Pictures with short captions:
--

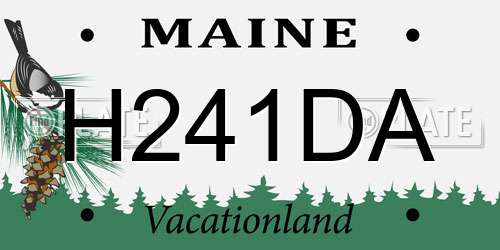 H241DA Maine License Plate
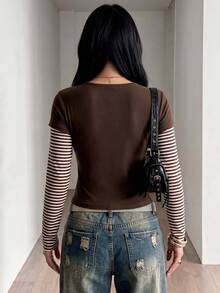 Knitted Cotton Striped Crew Neck Colorblock Top, Suitable For Casual Daily Wear - Chocolate Brown - View 4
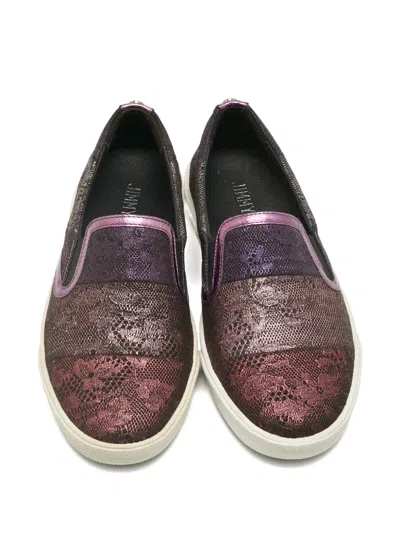 Pre-owned Jimmy Choo Lace-print Suede Sneakers In Purple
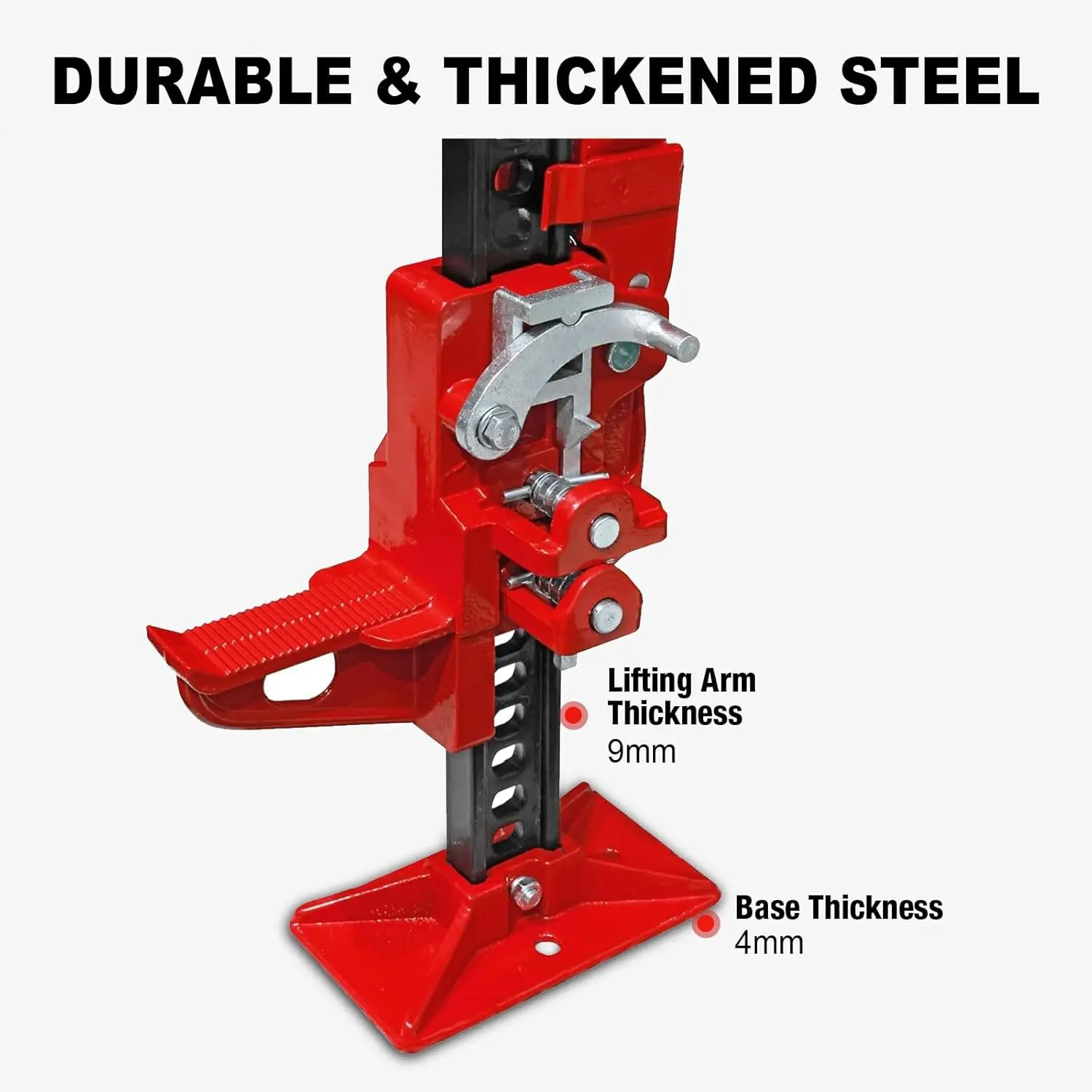 3 Ton Heavy-Duty Ratcheting Farm Jack for Off-Road and Utility Lifting, Red
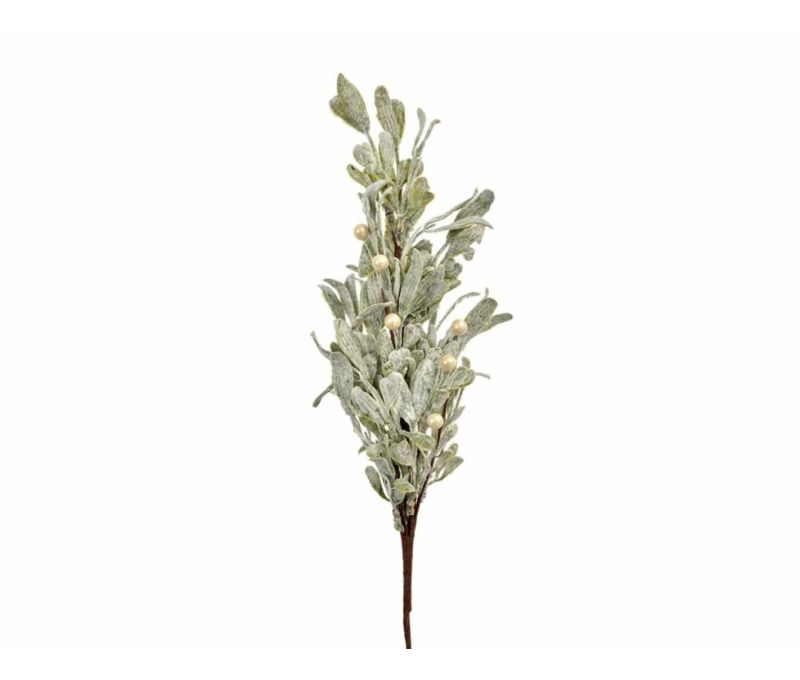 Branche gui artificielle givrée feuilles vert grisé perles ivoire tige marron H45cm décoration Noël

--

Task instructions =>
From the first line to the last, give the data again exactly, but without pictures.

Response box =>
 H241DA Maine License Plate
 Knitted Cotton Striped Crew Neck Colorblock Top, Suitable For Casual Daily Wear - Chocolate Brown - View 4
 Pre-owned Jimmy Choo Lace-print Suede Sneakers In Purple
 3 Ton Heavy-Duty Ratcheting Farm Jack for Off-Road and Utility Lifting, Red
 Branche gui artificielle givrée feuilles vert grisé perles ivoire tige marron H45cm décoration Noël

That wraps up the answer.